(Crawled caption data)
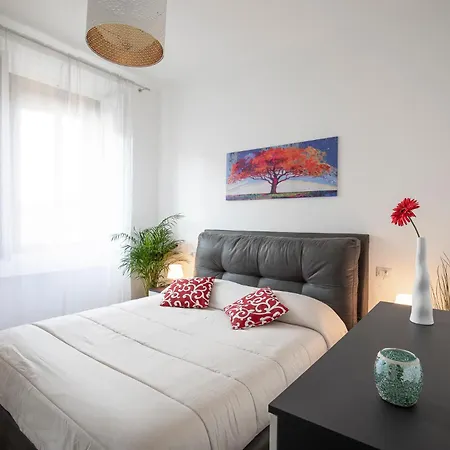 Apartment Easy Living 10 Min To Duomo Milan
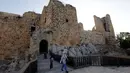 Sejumlah wisatawan mengunjungi Kastil Ajloun yang bersejarah di Ajloun, sekitar 73 km sebelah utara Kota Amman, Yordania, pada 19 Juli 2020. Kastil Ajloun adalah kastil abad ke-12 yang terletak di Yordania barat laut. (Xinhua/Mohammad Abu Ghosh)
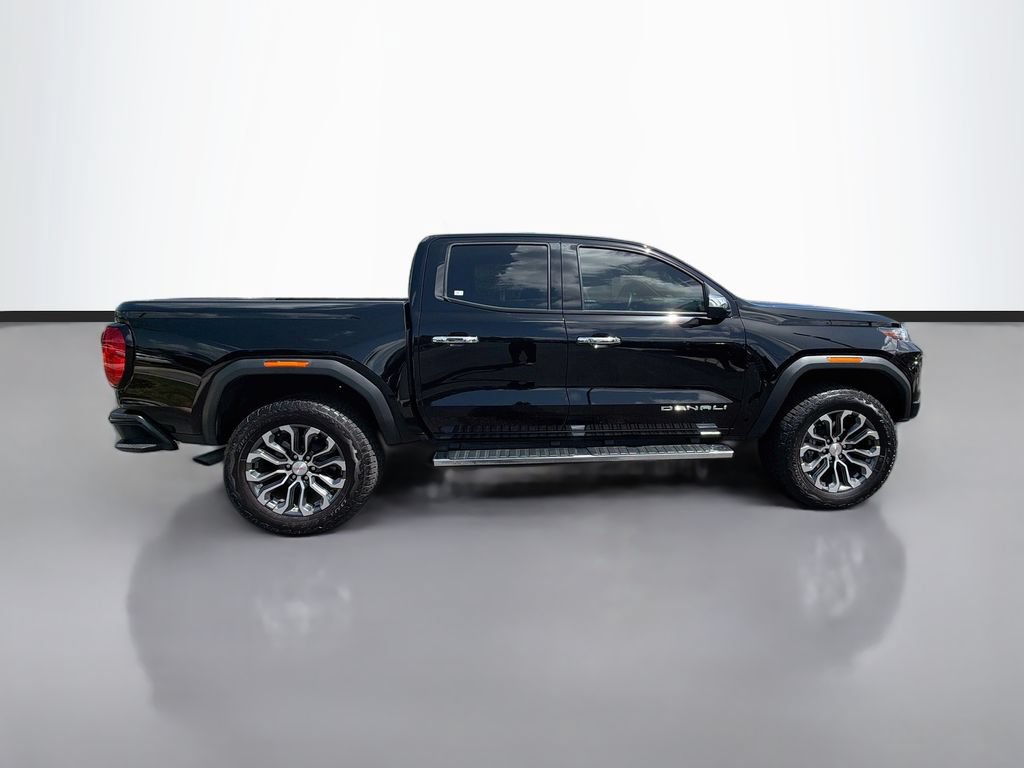 Used 2025 GMC Canyon Denali AWD/4WD image 4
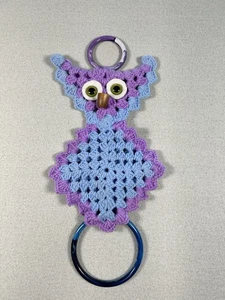 Porta asciugamani gufo all'uncinetto vintage con occhi reali viola blu MCM - Foto 1 di 5
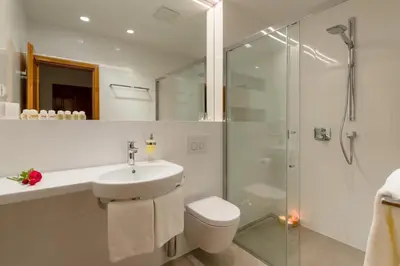 Kupaonica u objektu Majestic Tranquil Villa with Stunning Panoramic View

What is expected:
Print an exact copy of the lines above, from the one containing "Sejumlah wisatawan mengunjungi" through the one containing "Porta asciugamani gufo", and leave out the pictures.

Answer to this task:
 Sejumlah wisatawan mengunjungi Kastil Ajloun yang bersejarah di Ajloun, sekitar 73 km sebelah utara Kota Amman, Yordania, pada 19 Juli 2020. Kastil Ajloun adalah kastil abad ke-12 yang terletak di Yordania barat laut. (Xinhua/Mohammad Abu Ghosh)
 Used 2025 GMC Canyon Denali AWD/4WD image 4
 Porta asciugamani gufo all'uncinetto vintage con occhi reali viola blu MCM - Foto 1 di 5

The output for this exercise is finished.